Correction to: Multi-step inertial Krasnosel’skiǐ–Mann iteration with new inertial parameters arrays

1 Correction to: J. Fixed Point Theory Appl. (2021) 23:44 https://doi.org/10.1007/s11784-021-00879-9

In the original publication the equations are wrongly published and this has been corrected in this correction as below;

Under the heading “Introduction”:

a sentence above equation (1.2) should read as “One of the most popular algorithms to solve the fixed point problem (1.1) is the Krasnosel’skiǐ–Mann iteration (shortly, KM iteration) (see, [2,16, 20,24]), which generates \(\{x^k\}_{k\in \mathbb {N}}\) given as follows:”

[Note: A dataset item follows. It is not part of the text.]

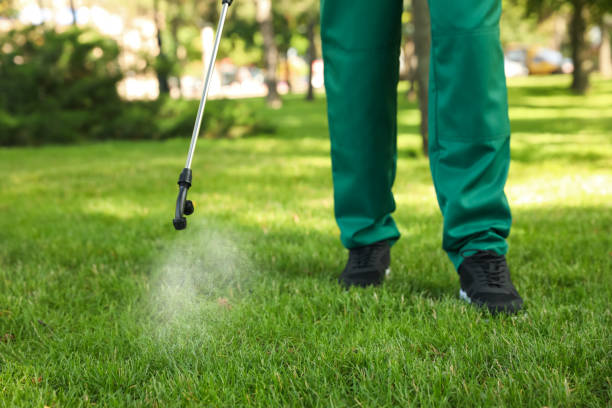 Best Affordable Pest Control Services  in Lake City, SC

a sentence above equation (1.3) should read as “Recently, the authors [11] introduced the multi-step inertial Krasnosel’skiǐ–Mann iteration (shortly, MiKM iteration) which generates \(\{x^k\}_{k\in \mathbb {N}}\) as follows:”

under heading “The MiKM iteration on the affine hull of orbits”: the first sentence should read “Recently, Combettes and Glaudin [5] investigated KM iteration with errors for a countable family of quasi-nonexpansive operators on the affine hull of the orbits, where the operators are not applied to the most current iterate, but to a point in the affine hull of the orbit \(\{x^k\}_{k \in \mathbb {N}}\) generated so far.”

Under Theorem 3.1

The last paragraph, should read as “The condition (3.5) seems difficult to verify, since it involves the arrays \(\{\mu _{n,k}\}_{n\in \mathbb {N},0\le k\le n}\) and \(\{\nu _{n,k}\}_{n\in \mathbb {N},0\le k\le n}\)\(\{\nu _{n,k}\}_{n\in \mathbb {N},0\le k\le n}\), the sequence \(\{\chi _{k}\}_{k \in \mathbb {N}}\) and the iterative sequence \(\{x^k\}_{k \in \mathbb {N}}\). However, it can be got rid of when \(\{\mu _{n,k}\}_{n\in \mathbb {N},0\le k\le n}\) and \(\{\nu _{n,k}\}_{n\in \mathbb {N},0\le k\le n}\) are nonegative”

The original article has been corrected.